The value of Egyptian imports amounted to about $86.6 billion during the period from January to November of last year 2022, compared to $80.7 billion during the same period in 2021, an increase of $5.9 billion, an increase of 7.3%.

Regarding the extent to which the Egyptian market was affected by more floating of the local currency, the economist said that the devaluation of the pound contributes to an increase in the costs of imports, and thus their prices rise, which accordingly reduces the demand for imports, and thus reduces the demand for hard currencies.

"Also, the devaluation of the Egyptian pound may increase the competitiveness of Egyptian exports in the global markets, thus increasing exports and increasing the flow of hard currency," he added.

However, there is a crack that concerns ordinary people - as Abdel Muttalib pointed out - as the suffering of Egyptians will increase as a result of the high prices of commodities, most of which are imported from abroad.

Parallel market recovery

In turn, Professor of Economics at the American University of Auckland, Mustafa Shaheen, said that economic indicators are pushing towards the collapse of the pound, expecting more recovery of the parallel market during the coming period due to the scarcity of the dollar.

Shaheen added - in an interview with Al-Jazeera Net - that it is difficult to predict the level of the pound's decline against the dollar, saying, "It may rise to 40 or 50 pounds, and it may decrease to 25 pounds," stressing that all matters depend on the decisions of government officials.

He explained the need for government spending on priorities only as a serious step to curb the depreciation of the pound, but he does not build hopes on the current government to follow the right path, criticizing the continuation of the implementation of projects that he "promotes as national and is useless while continuing to sell assets, whether bodies Or economic companies that are of paramount national security importance.

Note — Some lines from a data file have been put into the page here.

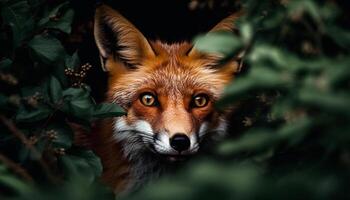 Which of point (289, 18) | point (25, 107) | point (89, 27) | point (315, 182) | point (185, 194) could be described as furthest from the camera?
point (89, 27)

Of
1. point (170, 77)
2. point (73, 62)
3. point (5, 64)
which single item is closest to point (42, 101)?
point (5, 64)

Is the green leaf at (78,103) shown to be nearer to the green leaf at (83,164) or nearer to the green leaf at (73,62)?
the green leaf at (83,164)

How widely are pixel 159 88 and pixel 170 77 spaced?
93 mm

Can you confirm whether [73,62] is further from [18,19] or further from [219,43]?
[219,43]

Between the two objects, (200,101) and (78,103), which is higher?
(78,103)

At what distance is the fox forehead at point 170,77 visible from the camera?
4.01 meters

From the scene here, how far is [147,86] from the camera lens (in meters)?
4.04

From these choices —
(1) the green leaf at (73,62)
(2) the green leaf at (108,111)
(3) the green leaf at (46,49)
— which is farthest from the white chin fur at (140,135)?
(3) the green leaf at (46,49)

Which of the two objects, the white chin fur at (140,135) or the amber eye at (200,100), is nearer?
the white chin fur at (140,135)

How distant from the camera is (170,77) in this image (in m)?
4.04

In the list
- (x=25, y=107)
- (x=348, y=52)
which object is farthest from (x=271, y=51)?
(x=25, y=107)

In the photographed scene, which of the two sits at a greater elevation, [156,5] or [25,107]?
[25,107]

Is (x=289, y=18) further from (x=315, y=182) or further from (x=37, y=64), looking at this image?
(x=37, y=64)

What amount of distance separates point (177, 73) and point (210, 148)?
47cm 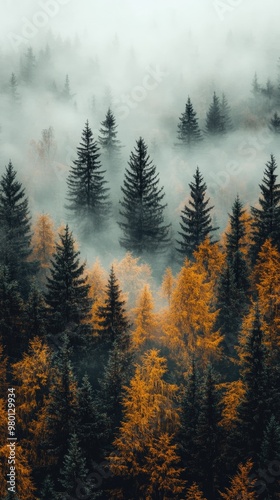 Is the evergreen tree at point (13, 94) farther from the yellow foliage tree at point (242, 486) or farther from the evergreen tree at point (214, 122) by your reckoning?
the yellow foliage tree at point (242, 486)

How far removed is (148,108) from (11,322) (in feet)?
338

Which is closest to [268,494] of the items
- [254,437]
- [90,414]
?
[254,437]

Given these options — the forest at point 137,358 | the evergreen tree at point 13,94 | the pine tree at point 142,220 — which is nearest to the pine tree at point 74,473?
the forest at point 137,358

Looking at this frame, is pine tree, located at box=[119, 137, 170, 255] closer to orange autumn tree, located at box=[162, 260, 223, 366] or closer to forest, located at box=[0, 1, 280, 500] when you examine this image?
forest, located at box=[0, 1, 280, 500]

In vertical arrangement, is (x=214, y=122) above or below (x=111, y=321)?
above

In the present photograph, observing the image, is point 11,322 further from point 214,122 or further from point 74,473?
point 214,122

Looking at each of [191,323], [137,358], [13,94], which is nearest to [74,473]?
[137,358]

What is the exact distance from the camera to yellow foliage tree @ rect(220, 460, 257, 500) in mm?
33469

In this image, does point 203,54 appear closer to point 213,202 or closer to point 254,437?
point 213,202

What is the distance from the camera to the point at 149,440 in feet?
123

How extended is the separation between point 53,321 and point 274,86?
11136 cm

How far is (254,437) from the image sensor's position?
1436 inches

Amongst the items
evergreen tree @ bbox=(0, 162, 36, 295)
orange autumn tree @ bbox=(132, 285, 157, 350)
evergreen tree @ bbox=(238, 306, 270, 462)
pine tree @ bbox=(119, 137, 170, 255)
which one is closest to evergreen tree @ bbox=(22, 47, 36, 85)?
pine tree @ bbox=(119, 137, 170, 255)

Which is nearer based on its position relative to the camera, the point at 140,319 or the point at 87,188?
the point at 140,319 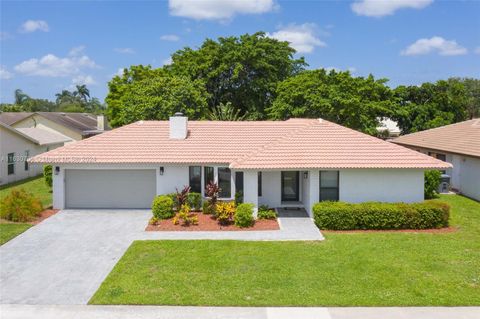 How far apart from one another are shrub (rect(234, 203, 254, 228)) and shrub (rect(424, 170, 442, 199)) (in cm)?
1165

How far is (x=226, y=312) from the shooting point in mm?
9133

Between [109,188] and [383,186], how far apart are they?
12.8 meters

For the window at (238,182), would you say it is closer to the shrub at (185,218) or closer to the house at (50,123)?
the shrub at (185,218)

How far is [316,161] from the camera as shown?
17797mm

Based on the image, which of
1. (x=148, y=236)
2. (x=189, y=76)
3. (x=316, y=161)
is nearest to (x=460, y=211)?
(x=316, y=161)

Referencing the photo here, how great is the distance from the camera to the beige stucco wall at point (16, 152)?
92.6 ft

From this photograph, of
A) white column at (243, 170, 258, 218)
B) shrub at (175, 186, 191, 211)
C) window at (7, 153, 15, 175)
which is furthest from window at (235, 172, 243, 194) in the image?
window at (7, 153, 15, 175)

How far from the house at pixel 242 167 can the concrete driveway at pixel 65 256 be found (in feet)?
5.92

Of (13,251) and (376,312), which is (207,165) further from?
(376,312)

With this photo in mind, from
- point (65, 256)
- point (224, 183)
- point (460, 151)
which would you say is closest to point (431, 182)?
point (460, 151)

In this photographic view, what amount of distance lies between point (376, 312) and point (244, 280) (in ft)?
11.2

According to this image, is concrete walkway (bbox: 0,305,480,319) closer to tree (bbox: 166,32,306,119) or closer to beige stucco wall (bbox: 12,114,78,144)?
tree (bbox: 166,32,306,119)

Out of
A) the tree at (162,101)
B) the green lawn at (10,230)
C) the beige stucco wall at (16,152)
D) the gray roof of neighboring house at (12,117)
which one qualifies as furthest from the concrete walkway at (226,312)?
the gray roof of neighboring house at (12,117)

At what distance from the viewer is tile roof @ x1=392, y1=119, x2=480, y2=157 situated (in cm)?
2435
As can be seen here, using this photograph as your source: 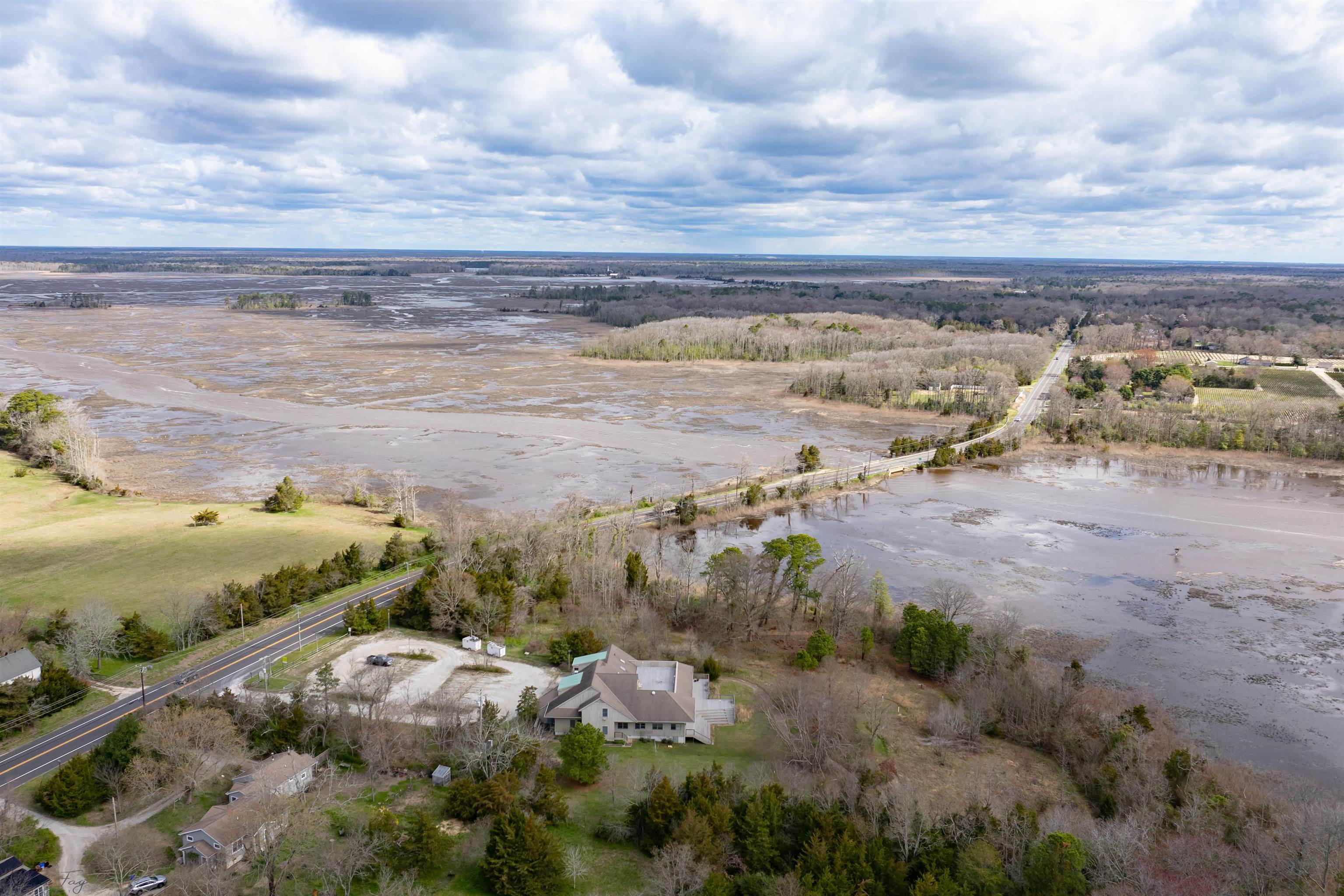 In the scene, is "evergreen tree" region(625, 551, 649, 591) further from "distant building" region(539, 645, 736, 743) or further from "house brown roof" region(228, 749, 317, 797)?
"house brown roof" region(228, 749, 317, 797)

The International Monetary Fund believes that the Egyptian government aims to achieve expected revenues of about 2.5 billion dollars from the government asset sale program by the end of next June, with a tendency to sell assets of about 6.7 billion until mid-2028.

What is the solution?

The journalist specialized in economic affairs, Mostafa Abdel Salam, exceeds expectations regarding the exchange rate of the pound, to try to search for effective solutions before the collapse of the Egyptian currency.

In his article entitled "The Truth of the Fourth Floating of the Egyptian Pound," Abdel Salam called on the responsible authorities to take urgent and strict steps to stop what he described as the pound's collapse and put an end to the local currency's decline for the worse.

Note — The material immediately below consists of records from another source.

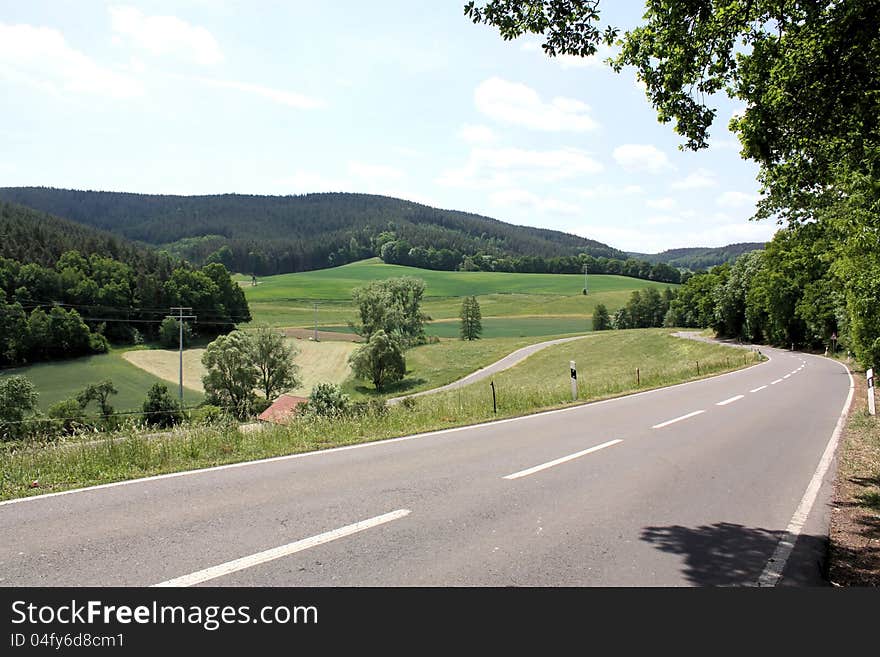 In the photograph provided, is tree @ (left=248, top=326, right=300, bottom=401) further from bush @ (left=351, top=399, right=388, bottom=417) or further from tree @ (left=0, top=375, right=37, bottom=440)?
bush @ (left=351, top=399, right=388, bottom=417)

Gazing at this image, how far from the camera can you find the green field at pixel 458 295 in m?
101

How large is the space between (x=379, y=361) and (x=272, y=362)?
1078 centimetres

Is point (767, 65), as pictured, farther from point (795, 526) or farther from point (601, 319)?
point (601, 319)

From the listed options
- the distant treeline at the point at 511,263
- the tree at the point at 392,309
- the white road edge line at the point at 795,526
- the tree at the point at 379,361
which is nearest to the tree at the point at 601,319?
the tree at the point at 392,309

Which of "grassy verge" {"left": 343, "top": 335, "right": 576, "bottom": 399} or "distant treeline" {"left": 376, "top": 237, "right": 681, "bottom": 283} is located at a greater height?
"distant treeline" {"left": 376, "top": 237, "right": 681, "bottom": 283}

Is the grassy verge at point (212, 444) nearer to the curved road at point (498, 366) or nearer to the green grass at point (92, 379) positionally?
the curved road at point (498, 366)

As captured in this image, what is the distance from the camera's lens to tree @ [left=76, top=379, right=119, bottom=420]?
149 feet

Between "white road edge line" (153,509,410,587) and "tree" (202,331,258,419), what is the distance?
4709 centimetres

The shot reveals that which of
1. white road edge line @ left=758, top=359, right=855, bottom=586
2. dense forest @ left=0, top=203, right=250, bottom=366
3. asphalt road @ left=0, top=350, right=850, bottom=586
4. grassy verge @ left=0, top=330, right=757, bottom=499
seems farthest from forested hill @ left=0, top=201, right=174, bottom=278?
white road edge line @ left=758, top=359, right=855, bottom=586

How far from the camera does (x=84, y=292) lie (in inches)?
3036

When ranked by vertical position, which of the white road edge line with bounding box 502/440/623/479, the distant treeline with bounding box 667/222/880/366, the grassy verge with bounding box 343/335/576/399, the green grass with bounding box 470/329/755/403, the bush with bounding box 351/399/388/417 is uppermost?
the distant treeline with bounding box 667/222/880/366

Among the most prominent of these steps is reducing external borrowing, increasing the state’s dollar resources and efficient use of them, activating strategic sectors such as tourism, exports, expatriate remittances, and direct investment, while addressing the chronic trade balance deficit problem, and stopping allocating resources and dollar loans to finance projects that do not generate returns in foreign exchange and can be Financed in the local currency.

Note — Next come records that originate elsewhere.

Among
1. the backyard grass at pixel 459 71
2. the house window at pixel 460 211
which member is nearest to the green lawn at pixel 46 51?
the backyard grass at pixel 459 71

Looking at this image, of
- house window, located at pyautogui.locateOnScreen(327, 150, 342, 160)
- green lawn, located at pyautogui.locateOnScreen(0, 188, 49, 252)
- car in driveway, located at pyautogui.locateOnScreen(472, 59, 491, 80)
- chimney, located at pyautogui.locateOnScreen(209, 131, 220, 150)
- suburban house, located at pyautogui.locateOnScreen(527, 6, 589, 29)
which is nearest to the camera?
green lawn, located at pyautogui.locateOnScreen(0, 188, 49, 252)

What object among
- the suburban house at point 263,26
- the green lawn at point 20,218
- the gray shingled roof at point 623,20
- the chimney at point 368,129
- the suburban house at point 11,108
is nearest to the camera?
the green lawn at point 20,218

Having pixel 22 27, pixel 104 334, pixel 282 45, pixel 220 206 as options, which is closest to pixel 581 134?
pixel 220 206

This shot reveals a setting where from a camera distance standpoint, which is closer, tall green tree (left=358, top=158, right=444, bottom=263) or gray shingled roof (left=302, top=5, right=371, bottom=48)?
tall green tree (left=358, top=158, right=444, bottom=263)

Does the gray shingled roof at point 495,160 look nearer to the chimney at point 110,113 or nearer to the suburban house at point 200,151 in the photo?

And he added, "It is not acceptable to continue establishing the largest opera house and the largest amusement park in the Middle East, and to construct government headquarters in the new administrative capital with external loans."

The journalist specialized in economic affairs stressed the need to restore confidence among dollar holders and reassure them of their money deposited with banks, especially those who withdrew their dollar savings from banks in light of the spread of rumors about the imminent bankruptcy of the state.